> DATASET EXTRACT

- Opening Delimiter -

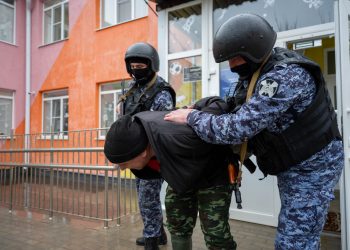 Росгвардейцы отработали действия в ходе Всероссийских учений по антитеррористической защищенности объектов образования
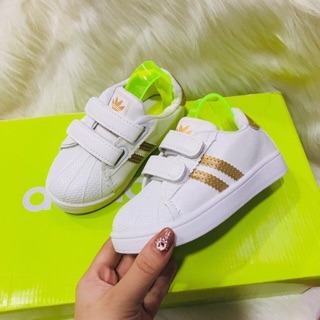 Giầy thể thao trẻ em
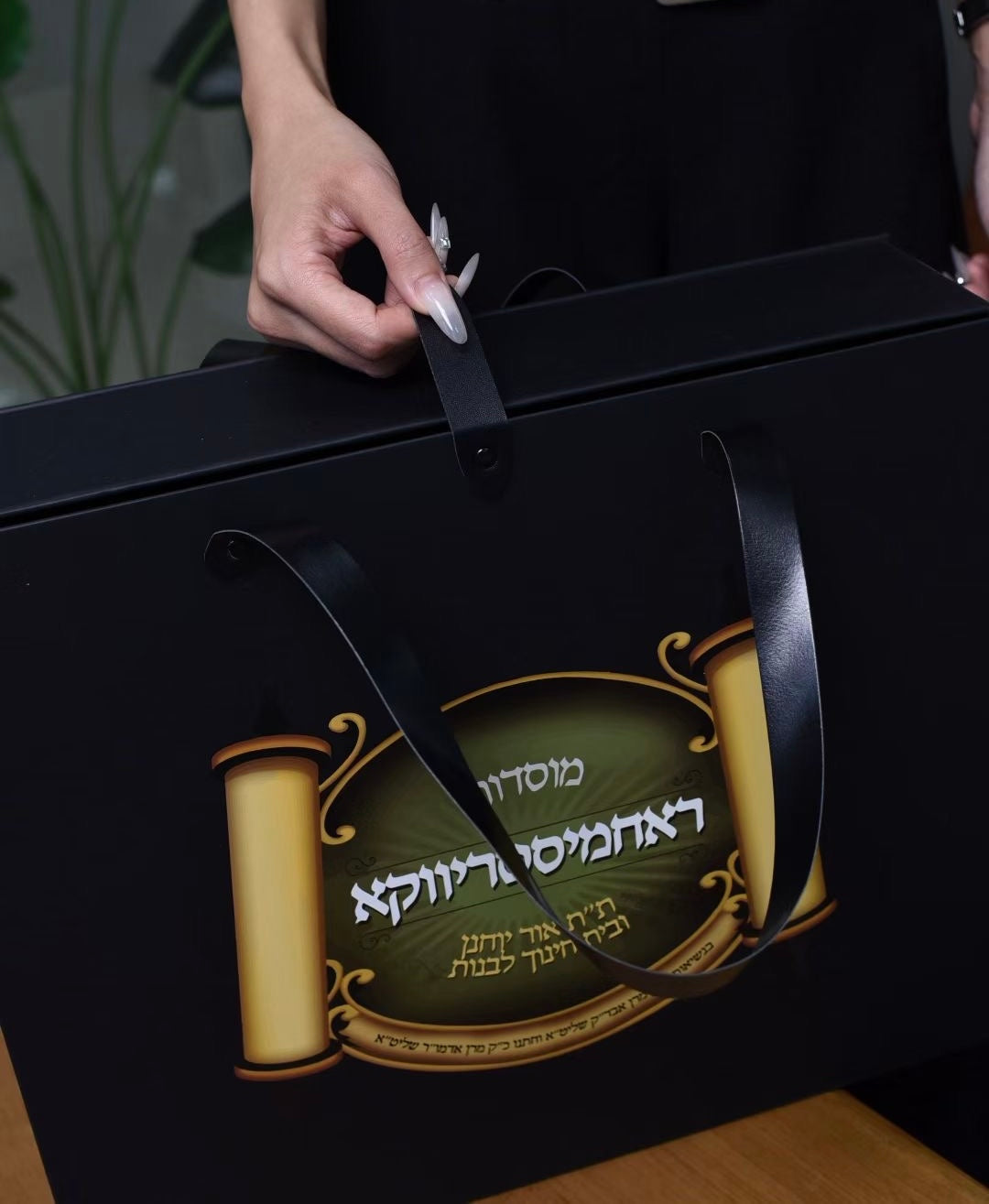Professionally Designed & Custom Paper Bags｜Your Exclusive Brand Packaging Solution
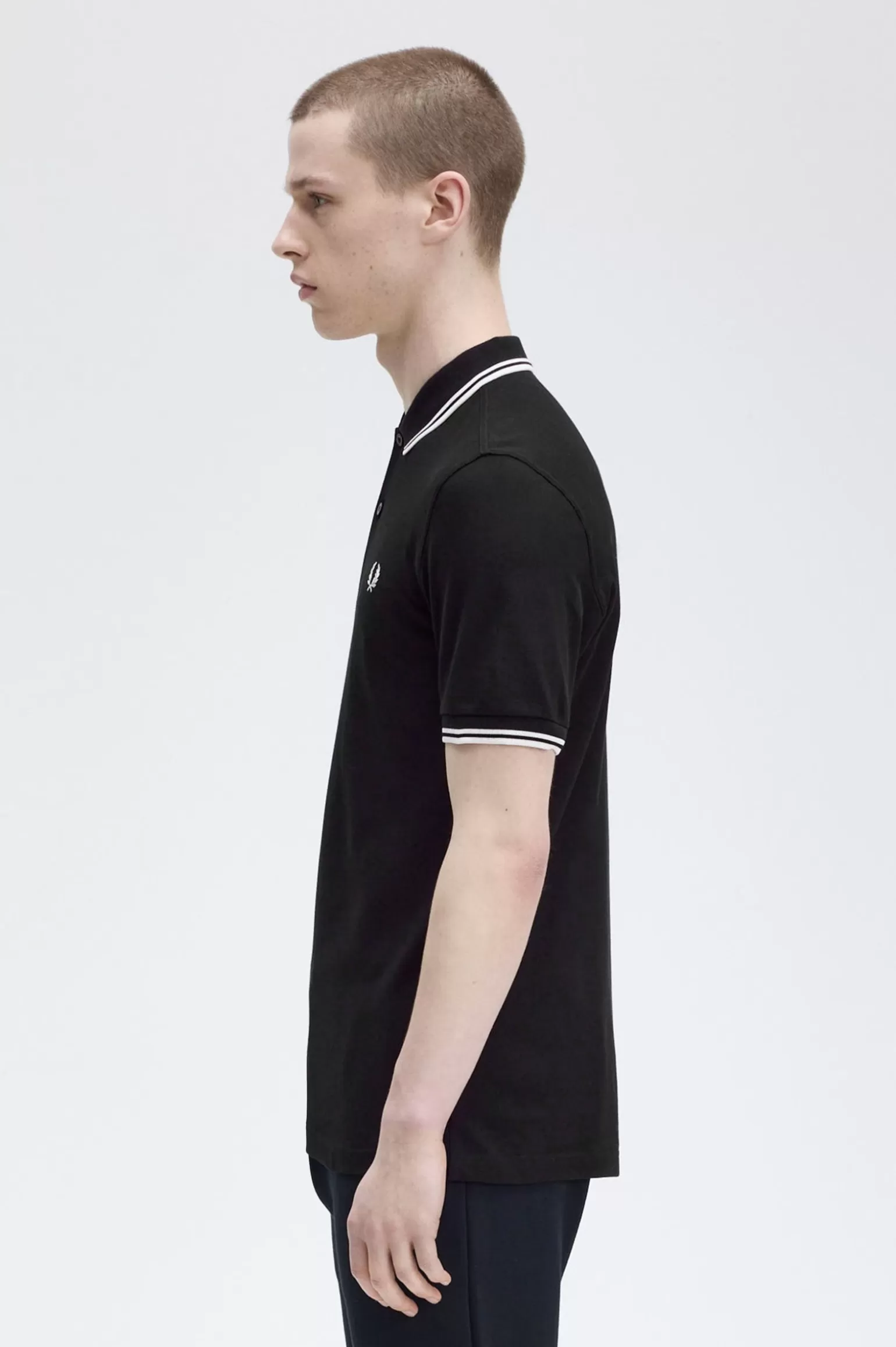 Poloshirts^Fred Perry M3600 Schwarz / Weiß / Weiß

- Closing Delimiter -

> WHAT YOU HAVE TO DO
Quote the data above in full and without alteration; skip the pictures.

> ANSWER FOR THIS EXERCISE
 Росгвардейцы отработали действия в ходе Всероссийских учений по антитеррористической защищенности объектов образования
 Giầy thể thao trẻ em
Professionally Designed & Custom Paper Bags｜Your Exclusive Brand Packaging Solution
 Poloshirts^Fred Perry M3600 Schwarz / Weiß / Weiß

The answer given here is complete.